Une historique sociologique et philosophique du capitalisme

impasse_globalis_M_Freitag.jpg Michel Freitag

écosociété, 2008, 415 pages

    Derrière cette globalisation « incontournable » se cache toute la question du rapport entre l'économique et le politique. Pourquoi cette récente suprématie de l'économie ? Comment, à travers la genèse du capitalisme, comprendre les sources de l'aveuglement néolibéral ?

    Associant les perspectives herméneutiques de l'histoire, de l'économie, de la sociologie et de la philosophie, Michel Freitag met en lumière les développements du capitalisme, réactualisant au passage le terme grec d’oikonomia — une économie centrée sur la communauté de vie — en l'opposant à celui de chrématistique, « l'art » individualiste de faire de l'argent. La chrématistique généralisée a fini par supplanter l’oikonomia traditionnelle. Aujourd'hui, le néolibéralisme conserve le même discours sur la liberté individuelle et les lois naturelles du marché que le libéralisme classique, en lui ajoutant cependant une déconstruction systématique des concepts, des limites normatives, institutionnelles et identitaires. Avec la période moderne, nous avons réalisé l'idéal de liberté individuelle et nous nous sommes affranchis de tout... sans voir que la libération de l'économie prenait la place de la libération de l'homme ! C'est la disparition annoncée de la société comme ordre symbolique et politique.

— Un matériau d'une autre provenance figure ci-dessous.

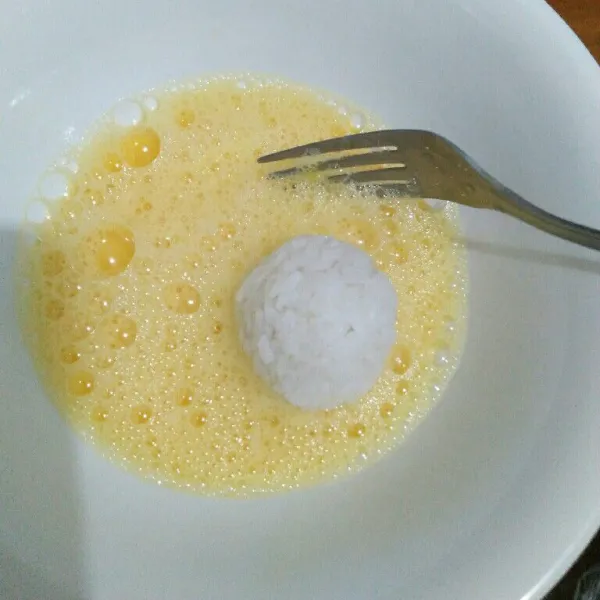 Celupkan bola nasi ke dalam kocokan telur.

    L'impasse de la globalisation propose une réflexion critique de l'évolution du capitalisme sur laquelle nous appuyer afin d'imaginer les formes que devrait prendre un réaménagement postcapitaliste des conditions de vie sur Terre. Mais réfléchir à d'autres chemins, et ainsi quitter l'impasse, nous oblige à questionner la nature essentielle de ce qu'il s'agit de préserver et de sauver, ainsi que notre propre rapport au monde.

    Michel Freitag est professeur émérite au département de sociologie de l'UQÀM. Parmi de nombreux articles et ouvrages, il a écrit Le naufrage de l'université, éd. Nota Bene (Prix du Gouverneur Général 1996).

    Patrick Ernst est sociologue ; il enseigne la sociologie à la Haute École de travail social de Genève.